Search code examples
rapache-sparkdataframeapache-spark-sqlsparkr

SparkR - Error in as.double(x) : cannot coerce type 'S4' to vector of type 'double'


I want to get some descriptive statistics on my data frame:

# Initialize SparkR Contexts
    library(SparkR)                                 # Load library
    sc <- sparkR.init(master="local[4]")            # Initialize Spark Context
    sqlContext <- sparkRSQL.init(sc)                # Initialize SQL Context

# Load data
df <- loadDF(sqlContext, "/outputs/merged.parquet") # Load data into Data Frame

# Filter 
df_t1 <- select(filter(df, df$t == 1 & df$totalUsers > 0 & isNotNull(df$domain)), "*")

avg_df <- collect(agg(groupBy(df_t1, "domain"), AVG=avg(df_t1$totalUsers), STD=sd(df_t1$totalUsers, na.rm = FALSE)))
head(avg_df)

I am getting this error:

Error in as.double(x) : 
  cannot coerce type 'S4' to vector of type 'double'

which is produced by sd(). I tried using var() and get Error: is.atomic(x) is not TRUE. I get no error when using just avg().

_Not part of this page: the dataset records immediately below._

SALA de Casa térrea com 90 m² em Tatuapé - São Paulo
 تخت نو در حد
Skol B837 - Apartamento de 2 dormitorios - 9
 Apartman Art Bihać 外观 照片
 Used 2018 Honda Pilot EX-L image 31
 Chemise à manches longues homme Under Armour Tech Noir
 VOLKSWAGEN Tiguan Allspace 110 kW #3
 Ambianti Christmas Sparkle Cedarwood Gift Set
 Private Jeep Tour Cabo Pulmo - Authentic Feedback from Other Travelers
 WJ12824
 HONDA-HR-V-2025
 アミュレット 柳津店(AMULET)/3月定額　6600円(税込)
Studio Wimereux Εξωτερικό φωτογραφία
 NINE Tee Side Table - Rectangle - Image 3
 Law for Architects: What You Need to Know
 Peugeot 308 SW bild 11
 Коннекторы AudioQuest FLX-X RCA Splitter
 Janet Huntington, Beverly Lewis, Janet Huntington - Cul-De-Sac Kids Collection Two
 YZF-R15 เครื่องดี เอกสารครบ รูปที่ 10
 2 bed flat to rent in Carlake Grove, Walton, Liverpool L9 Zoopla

My question is different from this one because I am not using these packages, and reading this I understand that for some reason my df_t1$tutoalUsers is a type S4 instead of vector of double, so I tried casting it with no effect:

avg_df <- collect(agg(groupBy(df_t1, "domain"),AVG=avg(df_t1$totalUsers), STD=sd(cast(df_t1$totalUsers, "double"),na.rm = FALSE)))

Thoughts?

Edit: The schema is

> printSchema(df_t1)
root
 |-- created: integer (nullable = true)
 |-- firstItem: integer (nullable = true)
 |-- domain: string (nullable = true)
 |-- t: integer (nullable = true)
 |-- groupId: string (nullable = true)
 |-- email: integer (nullable = true)
 |-- chat: integer (nullable = true)

and my version of Spark is 1.5.2


Solution

  • You're using Spark 1.5 which doesn't provide more advanced statistical summaries and you cannot use standard R functions when operating on Spark DataFrame. avg() works because it is actually a Spark SQL function available in Spark 1.5.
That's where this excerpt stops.